The question is loaded. Markets are too universal to human experience for there to be one 'objective' of participating in them. People participate in markets for all kinds of reasons.

Does anybody enter into a market without wanting to increase the concentration of wealth (not just cash, remember) in their hands? We usually define enterprises without a profit motive as explicitly non-market - charities and public services, for example.
 
When it is possible to have a return of investment greater than the economic growth, the concentration of wealth is a mathematical certainty.

which is why we hear the word re-distribution so much whether through government programmes with taxes or limits placed on market share or imposition of royalties for using natural resources. They are designed to spread around peoples fair share
 
When it is possible to have a return of investment greater than the economic growth, the concentration of wealth is a mathematical certainty.

This is incorrect for a number of reasons.

One, Piketty's argument (that's who you're lifting this from) is that if return on capital ownership over the longer term - like, multiple generations - is greater than the rate of economic growth over the same period, then inheritance will predominate over income as a method of wealth accumulation. The mere possibility of earning a return on investment greater than economic growth guarantees nothing.

Even if those conditions are satisfied, that says nothing about the 'certainty' (much less the 'mathematical certainty'!) of concentration of wealth, because 1) people can concentrate wealth through other means and 2) there are plenty of potential countervailing forces that can prevent wealth from becoming concentrated even given the conditions Piketty lays out there. Like, for example, a robustly progressive taxation regime (which Piketty argues for in his book!) could counteract this and prevent too much concentration of wealth.

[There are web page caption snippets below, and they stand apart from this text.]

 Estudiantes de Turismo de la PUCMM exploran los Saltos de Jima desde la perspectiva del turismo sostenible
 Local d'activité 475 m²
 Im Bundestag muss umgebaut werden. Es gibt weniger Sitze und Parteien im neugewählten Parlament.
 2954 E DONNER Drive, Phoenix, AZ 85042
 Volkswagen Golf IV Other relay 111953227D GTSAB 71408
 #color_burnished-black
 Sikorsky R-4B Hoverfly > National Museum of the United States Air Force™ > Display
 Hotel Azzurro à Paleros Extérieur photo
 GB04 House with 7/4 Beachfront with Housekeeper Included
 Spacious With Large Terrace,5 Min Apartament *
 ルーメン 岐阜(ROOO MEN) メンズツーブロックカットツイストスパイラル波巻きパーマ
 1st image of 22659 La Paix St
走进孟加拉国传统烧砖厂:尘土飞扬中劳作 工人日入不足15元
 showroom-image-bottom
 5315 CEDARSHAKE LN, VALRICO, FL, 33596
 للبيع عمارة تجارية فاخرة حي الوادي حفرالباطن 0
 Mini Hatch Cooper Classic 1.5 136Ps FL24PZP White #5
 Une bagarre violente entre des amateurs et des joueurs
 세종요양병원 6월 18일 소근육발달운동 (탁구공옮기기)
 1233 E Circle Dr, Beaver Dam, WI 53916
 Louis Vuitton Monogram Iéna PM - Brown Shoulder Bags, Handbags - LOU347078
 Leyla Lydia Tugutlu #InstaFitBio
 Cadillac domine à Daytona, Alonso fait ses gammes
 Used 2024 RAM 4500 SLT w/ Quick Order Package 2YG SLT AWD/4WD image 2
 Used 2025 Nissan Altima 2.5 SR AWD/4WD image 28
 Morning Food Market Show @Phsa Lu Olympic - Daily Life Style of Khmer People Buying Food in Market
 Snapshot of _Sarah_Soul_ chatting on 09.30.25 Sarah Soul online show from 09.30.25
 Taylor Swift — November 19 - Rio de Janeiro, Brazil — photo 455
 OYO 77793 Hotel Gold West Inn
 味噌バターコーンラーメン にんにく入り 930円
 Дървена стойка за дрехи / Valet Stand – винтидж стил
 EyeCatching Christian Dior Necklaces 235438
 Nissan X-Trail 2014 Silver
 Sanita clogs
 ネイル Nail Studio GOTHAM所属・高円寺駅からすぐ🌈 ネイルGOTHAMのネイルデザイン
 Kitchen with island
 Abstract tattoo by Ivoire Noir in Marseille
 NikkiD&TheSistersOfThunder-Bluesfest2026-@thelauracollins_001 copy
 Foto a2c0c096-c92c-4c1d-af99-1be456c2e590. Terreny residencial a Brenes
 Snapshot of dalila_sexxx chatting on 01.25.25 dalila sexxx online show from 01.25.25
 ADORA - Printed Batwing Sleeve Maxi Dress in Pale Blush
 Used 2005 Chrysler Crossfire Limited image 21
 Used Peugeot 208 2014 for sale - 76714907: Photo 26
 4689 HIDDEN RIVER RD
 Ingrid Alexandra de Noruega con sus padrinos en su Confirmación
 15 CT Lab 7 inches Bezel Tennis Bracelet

In any case, this argument isn't actually a refutation of mine, even if it were correct, because you still would need to show that those conditions which led to the 'mathematical certainty' of wealth concentration sprang 'naturally' from markets - a very tall order.
 
Even if those conditions are satisfied, that says nothing about the 'certainty' (much less the 'mathematical certainty'!) of concentration of wealth, because 1) people can concentrate wealth through other means and 2) there are plenty of potential countervailing forces that can prevent wealth from becoming concentrated even given the conditions Piketty lays out there. Like, for example, a robustly progressive taxation regime (which Piketty argues for in his book!) could counteract this and prevent too much concentration of wealth.

This seems to imply that we live in a meritocratic society where anyone can accumulate as much wealth as they can. This isn't true of course, and it wouldn't be true even with higher taxes on the rich, because they would still control the means by which wealth is produced, and would therefore be constantly concentrating wealth in their own hands

well, please do tell... or is it a secret. ;)

It's not a matter of correct or incorrect, in my view- it's too theoretical for that.

But please, let's hear your definition.

Workers control of the means of production, which you might notice, has nothing to do with social democracy or the public sector of the economy

The question is loaded. Markets are too universal to human experience for there to be one 'objective' of participating in them. People participate in markets for all kinds of reasons.

The reasons why people trade in markets can still be boiled down to wanting an increase of wealth and power, regardless of when or where the markets are. The capitalist mode of production especially forces people to depend on markets for survival, taking away control over every aspect of their lives if they refuse to trade, which makes it so that everyone is forced to try to constantly increase their wealth (and thus purchasing power).